Domino’s is making a bet on China

The pizza chain is investing at least $40 million into its master franchisee there and has big hopes for its development in the fast-growing economy.
Photograph: Shutterstock

Domino’s means business when it comes to China.

The Ann Arbor, Mich.-based pizza chain on Thursday said it has invested $40 million for a minority stake in Dash Brands, which owns and operates Domino’s locations in China.

Under the deal, Domino’s is required to invest another $40 million into Dash Brands if the company meets certain performance conditions. If Dash Brands doesn’t, Domino’s simply has the option to make that investment.

“We’re very happy with where the business stands today,” Domino’s CEO Ritch Allison said on the company’s second-quarter earnings call Thursday. “We are excited about the long-term growth potential there. We believe we can play a role in helping Domino’s China reach that potential and view this as a good long-term investment.”

Company executives would not reveal how much of a stake in Dash Brands that Domino’s is acquiring, only that it is a minority stake.

It’s not uncommon for franchisors to take minority stakes in international master franchisees or even in some cases domestic operators—Burger King’s owner, Restaurant Brands International, owns a minority stake in Carrols Restaurant Group, its largest U.S. franchisee.

China is a critical market for Domino’s, which operates 300 stores in the country.

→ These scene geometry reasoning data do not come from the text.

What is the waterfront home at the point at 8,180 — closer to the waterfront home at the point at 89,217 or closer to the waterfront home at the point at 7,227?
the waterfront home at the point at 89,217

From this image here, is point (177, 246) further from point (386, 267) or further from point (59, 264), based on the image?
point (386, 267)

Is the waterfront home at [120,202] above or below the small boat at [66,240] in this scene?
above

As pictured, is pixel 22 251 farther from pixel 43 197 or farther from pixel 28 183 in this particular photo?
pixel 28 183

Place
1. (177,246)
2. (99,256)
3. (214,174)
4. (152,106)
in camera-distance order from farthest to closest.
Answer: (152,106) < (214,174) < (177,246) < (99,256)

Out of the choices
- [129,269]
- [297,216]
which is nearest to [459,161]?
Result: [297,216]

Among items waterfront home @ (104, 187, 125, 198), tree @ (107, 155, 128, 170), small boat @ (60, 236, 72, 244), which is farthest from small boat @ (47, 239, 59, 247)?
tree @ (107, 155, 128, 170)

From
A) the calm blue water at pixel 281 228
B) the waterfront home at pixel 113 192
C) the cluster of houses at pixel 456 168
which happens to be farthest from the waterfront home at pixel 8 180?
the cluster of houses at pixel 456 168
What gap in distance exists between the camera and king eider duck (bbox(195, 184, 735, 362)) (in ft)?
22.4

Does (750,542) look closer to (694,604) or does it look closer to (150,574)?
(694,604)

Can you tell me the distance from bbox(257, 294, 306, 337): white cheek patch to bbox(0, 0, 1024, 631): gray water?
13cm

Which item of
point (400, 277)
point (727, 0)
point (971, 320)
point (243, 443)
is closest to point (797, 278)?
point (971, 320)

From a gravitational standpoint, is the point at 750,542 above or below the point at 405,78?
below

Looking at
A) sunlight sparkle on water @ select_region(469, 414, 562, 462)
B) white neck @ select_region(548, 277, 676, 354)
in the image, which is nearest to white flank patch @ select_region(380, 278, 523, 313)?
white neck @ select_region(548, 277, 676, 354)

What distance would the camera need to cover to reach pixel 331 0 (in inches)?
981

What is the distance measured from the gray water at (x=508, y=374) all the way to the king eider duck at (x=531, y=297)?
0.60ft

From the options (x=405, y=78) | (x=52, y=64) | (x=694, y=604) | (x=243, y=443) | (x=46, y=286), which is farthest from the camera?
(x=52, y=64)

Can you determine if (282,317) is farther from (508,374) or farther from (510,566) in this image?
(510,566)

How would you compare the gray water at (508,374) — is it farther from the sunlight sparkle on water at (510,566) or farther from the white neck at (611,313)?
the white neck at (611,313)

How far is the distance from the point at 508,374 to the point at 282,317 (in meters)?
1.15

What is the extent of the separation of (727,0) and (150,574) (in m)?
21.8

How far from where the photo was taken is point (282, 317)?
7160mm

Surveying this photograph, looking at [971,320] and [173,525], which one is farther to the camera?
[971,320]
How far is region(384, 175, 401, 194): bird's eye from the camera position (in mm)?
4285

The company clearly wants more than that, viewing China as a major potential source of future growth.

“We know if we want to hit our long-term aspirations as a brand, we have to have China be a thriving market for us,” CFO Jeff Lawrence said.

Domino’s operates 17,173 global restaurants, including nearly 11,000 in international markets. Growth outside the U.S. slowed last quarter, largely a factor of the coronavirus and its impact on overall development.

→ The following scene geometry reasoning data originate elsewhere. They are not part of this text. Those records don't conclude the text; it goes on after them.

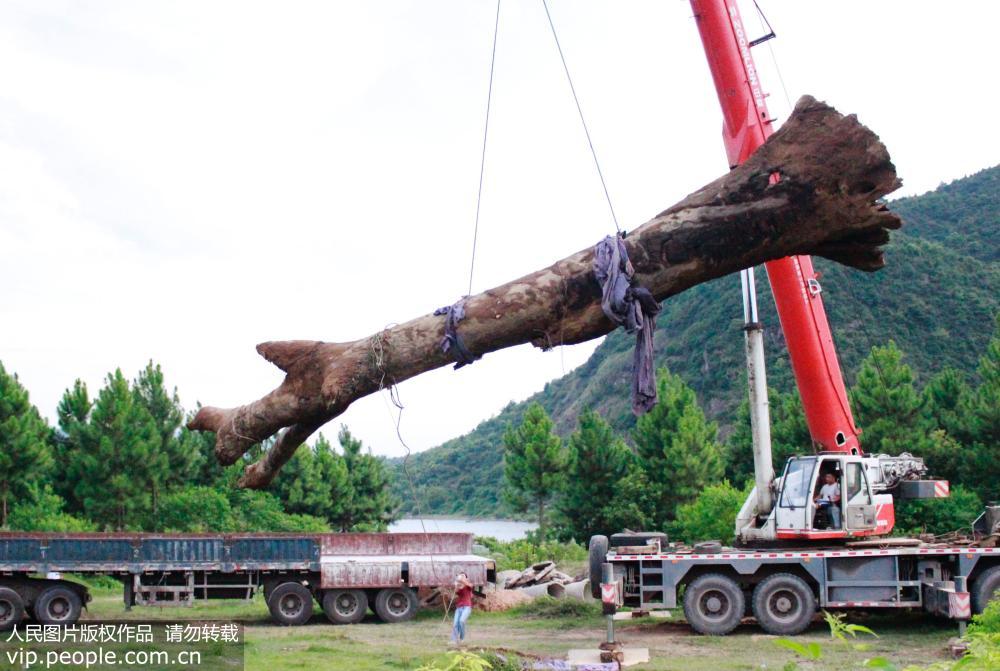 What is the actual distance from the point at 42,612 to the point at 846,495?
13.9 m

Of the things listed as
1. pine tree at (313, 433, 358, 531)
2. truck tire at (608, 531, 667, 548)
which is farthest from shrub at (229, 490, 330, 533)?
truck tire at (608, 531, 667, 548)

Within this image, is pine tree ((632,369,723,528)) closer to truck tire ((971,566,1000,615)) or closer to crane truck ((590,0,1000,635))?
crane truck ((590,0,1000,635))

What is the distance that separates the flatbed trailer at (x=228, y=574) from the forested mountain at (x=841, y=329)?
35130 millimetres

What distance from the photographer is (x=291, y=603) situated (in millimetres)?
17297

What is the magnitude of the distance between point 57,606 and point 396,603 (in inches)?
240

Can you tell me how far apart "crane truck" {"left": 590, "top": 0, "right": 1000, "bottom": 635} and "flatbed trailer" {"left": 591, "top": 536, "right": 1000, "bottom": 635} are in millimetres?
16

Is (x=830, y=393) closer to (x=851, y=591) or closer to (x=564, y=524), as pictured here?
Answer: (x=851, y=591)

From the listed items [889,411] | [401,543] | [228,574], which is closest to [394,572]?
[401,543]

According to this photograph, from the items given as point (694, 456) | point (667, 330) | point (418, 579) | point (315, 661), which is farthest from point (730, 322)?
point (315, 661)

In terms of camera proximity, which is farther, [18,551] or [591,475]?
[591,475]

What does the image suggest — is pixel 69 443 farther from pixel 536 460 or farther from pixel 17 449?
pixel 536 460

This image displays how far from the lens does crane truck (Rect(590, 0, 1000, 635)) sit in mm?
13617

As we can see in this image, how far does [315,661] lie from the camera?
484 inches

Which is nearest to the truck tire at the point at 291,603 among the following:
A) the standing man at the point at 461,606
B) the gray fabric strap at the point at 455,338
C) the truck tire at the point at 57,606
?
the truck tire at the point at 57,606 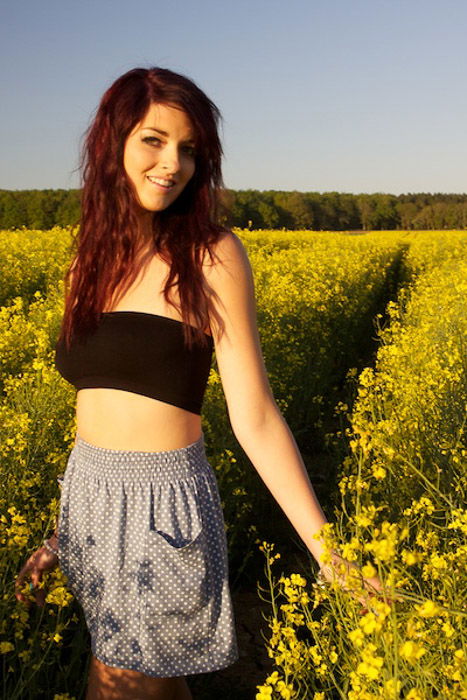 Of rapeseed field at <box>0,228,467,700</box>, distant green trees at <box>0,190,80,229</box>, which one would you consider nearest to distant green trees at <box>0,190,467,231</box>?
distant green trees at <box>0,190,80,229</box>

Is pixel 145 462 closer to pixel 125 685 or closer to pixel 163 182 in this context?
pixel 125 685

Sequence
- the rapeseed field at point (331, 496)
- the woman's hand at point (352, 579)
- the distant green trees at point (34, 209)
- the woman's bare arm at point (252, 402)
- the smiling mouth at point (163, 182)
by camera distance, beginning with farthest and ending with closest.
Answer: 1. the distant green trees at point (34, 209)
2. the smiling mouth at point (163, 182)
3. the woman's bare arm at point (252, 402)
4. the rapeseed field at point (331, 496)
5. the woman's hand at point (352, 579)

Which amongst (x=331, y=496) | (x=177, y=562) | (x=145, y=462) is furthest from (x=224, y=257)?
(x=331, y=496)

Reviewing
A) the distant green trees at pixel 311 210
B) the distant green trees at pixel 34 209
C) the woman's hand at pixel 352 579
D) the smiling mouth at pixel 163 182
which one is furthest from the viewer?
the distant green trees at pixel 311 210

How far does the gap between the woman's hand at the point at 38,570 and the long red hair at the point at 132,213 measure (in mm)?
583

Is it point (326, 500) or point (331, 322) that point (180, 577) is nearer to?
point (326, 500)

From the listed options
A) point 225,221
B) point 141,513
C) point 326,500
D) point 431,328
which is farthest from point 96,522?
point 431,328

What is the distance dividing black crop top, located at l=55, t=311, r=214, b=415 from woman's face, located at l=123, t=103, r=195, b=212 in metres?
0.29

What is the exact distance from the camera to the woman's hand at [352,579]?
4.05ft

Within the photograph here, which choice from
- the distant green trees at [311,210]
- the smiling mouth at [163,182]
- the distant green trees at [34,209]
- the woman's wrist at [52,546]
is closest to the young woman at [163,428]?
the smiling mouth at [163,182]

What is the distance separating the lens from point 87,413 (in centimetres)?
172

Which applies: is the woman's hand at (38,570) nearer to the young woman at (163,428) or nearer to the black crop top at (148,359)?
the young woman at (163,428)

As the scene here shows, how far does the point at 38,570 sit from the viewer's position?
189cm

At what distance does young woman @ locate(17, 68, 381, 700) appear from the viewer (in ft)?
5.21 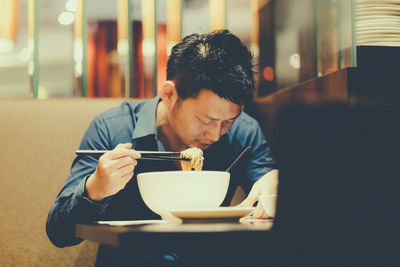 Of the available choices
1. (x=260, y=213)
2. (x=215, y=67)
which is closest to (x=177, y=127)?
(x=215, y=67)

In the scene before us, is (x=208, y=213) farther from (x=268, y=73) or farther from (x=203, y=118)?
(x=268, y=73)

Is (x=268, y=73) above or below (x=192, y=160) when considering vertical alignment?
above

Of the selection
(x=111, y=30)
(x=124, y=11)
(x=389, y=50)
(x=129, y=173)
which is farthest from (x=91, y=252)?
(x=111, y=30)

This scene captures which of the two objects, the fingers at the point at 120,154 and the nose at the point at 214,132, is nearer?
the fingers at the point at 120,154

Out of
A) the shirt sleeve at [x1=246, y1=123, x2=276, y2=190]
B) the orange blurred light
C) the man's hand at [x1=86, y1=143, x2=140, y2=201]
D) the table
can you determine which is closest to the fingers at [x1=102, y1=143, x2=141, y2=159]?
the man's hand at [x1=86, y1=143, x2=140, y2=201]

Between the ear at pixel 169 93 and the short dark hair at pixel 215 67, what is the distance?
0.02 m

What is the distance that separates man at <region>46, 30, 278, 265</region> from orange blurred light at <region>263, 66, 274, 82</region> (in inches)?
25.0

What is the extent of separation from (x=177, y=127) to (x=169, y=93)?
0.41ft

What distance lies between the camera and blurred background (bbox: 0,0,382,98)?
162 cm

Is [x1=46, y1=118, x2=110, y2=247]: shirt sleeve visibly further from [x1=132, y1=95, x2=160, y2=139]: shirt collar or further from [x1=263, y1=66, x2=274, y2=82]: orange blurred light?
[x1=263, y1=66, x2=274, y2=82]: orange blurred light

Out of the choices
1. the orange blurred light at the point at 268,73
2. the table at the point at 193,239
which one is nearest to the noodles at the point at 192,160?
the table at the point at 193,239

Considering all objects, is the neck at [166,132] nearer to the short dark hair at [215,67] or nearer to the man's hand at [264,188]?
the short dark hair at [215,67]

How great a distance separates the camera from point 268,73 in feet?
7.72

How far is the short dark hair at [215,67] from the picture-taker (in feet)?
4.75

Despite the pandemic, Domino’s same-store sales in international markets increased 1.3% in the quarter ended June 14. It was the 106th straight quarterly increase in international comps, and probably the biggest surprise given the challenges in many markets during the pandemic.

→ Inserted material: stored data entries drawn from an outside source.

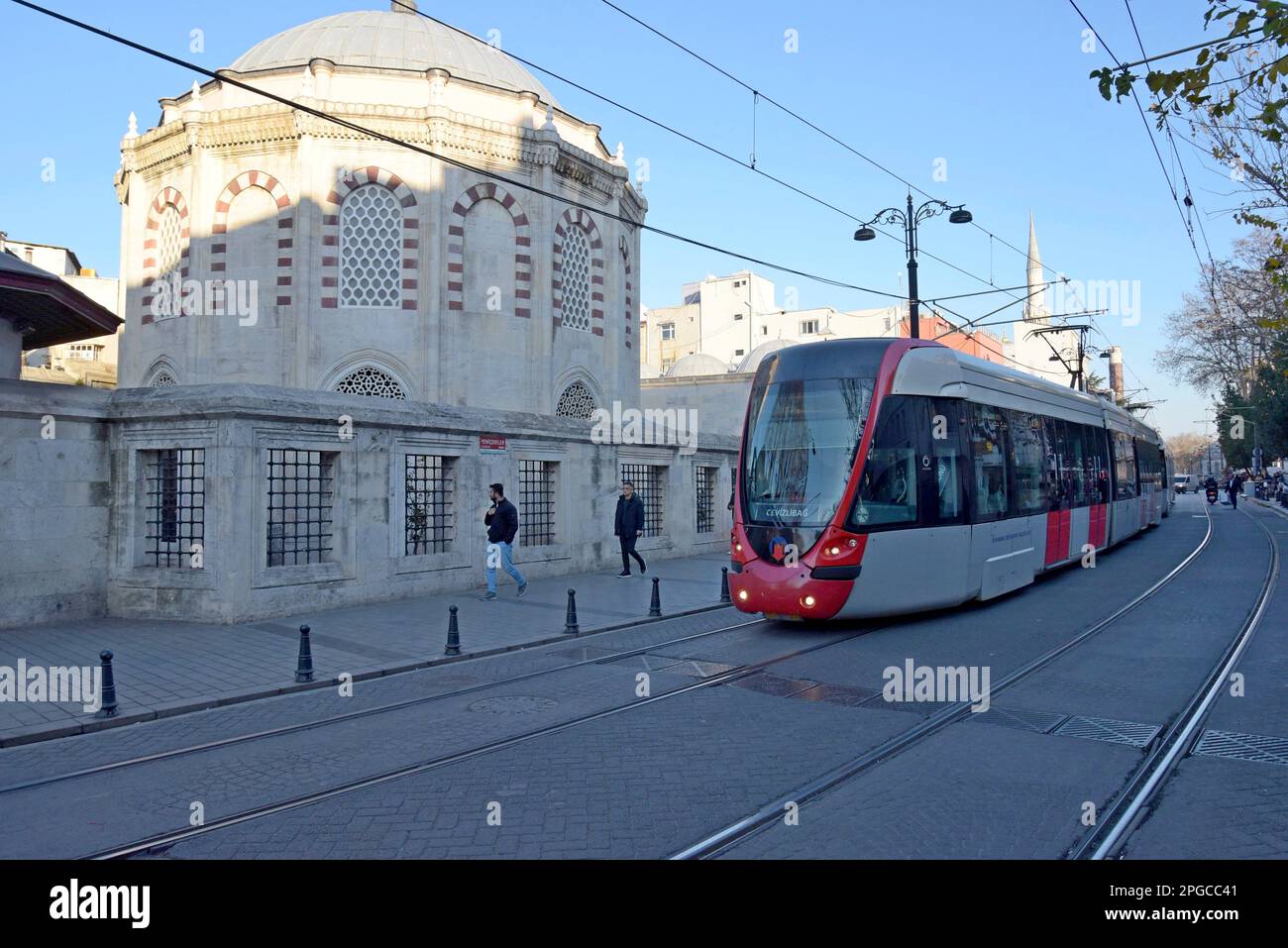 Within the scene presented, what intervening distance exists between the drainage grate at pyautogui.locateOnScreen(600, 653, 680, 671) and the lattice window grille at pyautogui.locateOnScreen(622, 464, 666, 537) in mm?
A: 11413

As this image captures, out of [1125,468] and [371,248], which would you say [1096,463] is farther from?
[371,248]

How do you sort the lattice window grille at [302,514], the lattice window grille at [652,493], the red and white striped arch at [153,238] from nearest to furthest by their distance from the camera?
the lattice window grille at [302,514] < the lattice window grille at [652,493] < the red and white striped arch at [153,238]

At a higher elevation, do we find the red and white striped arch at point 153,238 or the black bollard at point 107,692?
the red and white striped arch at point 153,238

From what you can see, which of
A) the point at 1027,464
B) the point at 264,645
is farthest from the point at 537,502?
the point at 1027,464

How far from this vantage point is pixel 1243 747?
6.08 meters

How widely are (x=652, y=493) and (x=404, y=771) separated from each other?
1603 centimetres

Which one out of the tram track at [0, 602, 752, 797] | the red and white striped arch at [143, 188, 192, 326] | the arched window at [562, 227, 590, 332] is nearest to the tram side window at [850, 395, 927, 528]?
the tram track at [0, 602, 752, 797]

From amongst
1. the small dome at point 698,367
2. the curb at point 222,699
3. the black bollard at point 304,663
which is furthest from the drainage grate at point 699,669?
the small dome at point 698,367

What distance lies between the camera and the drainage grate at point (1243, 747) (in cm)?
584

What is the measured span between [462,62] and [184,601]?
2030 centimetres

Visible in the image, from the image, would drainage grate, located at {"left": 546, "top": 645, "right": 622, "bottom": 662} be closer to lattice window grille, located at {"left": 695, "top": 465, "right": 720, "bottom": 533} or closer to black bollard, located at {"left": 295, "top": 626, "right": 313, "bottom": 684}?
black bollard, located at {"left": 295, "top": 626, "right": 313, "bottom": 684}

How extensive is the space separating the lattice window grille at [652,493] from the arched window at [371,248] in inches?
304

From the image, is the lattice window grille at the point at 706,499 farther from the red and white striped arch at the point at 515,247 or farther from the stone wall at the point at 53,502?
the stone wall at the point at 53,502

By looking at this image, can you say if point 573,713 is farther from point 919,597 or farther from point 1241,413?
Answer: point 1241,413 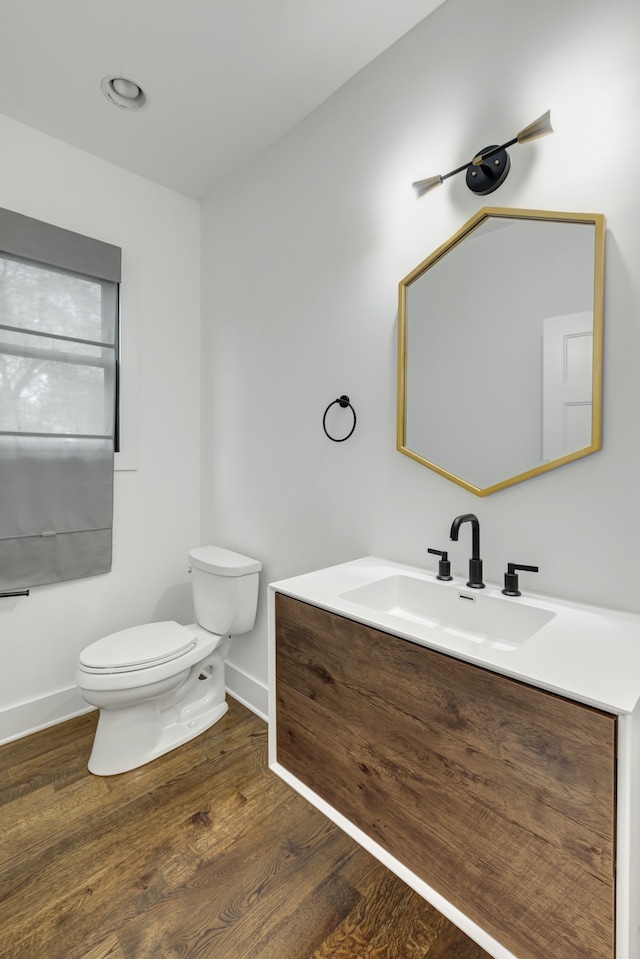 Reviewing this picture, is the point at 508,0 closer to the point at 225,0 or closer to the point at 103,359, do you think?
the point at 225,0

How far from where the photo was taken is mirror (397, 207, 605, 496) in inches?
45.8

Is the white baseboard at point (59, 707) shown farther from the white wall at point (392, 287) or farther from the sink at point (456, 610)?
the sink at point (456, 610)

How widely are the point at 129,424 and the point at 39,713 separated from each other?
1.35 meters

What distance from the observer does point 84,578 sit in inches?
86.4

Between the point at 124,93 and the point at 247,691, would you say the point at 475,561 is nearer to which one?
the point at 247,691

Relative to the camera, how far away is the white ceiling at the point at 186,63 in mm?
1466

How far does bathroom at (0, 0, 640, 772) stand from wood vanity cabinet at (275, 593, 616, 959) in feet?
1.64

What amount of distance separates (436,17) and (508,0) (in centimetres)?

“To be honest with you,” Allison said, “back in April, I thought this incredible run was in doubt.”

He noted that several markets performed strongly, including China, Japan and South Korea, markets Allison said are “responsible for pioneering many of the contactless delivery and carryout innovations.”

Other markets, such as France, Spain and New Zealand, were completely closed while markets like India and Saudi Arabia had significant portions temporarily shuttered. “I’m in my 10th year here at Domino’s and I have never observed such wide variations in performance across our international business,” Allison said.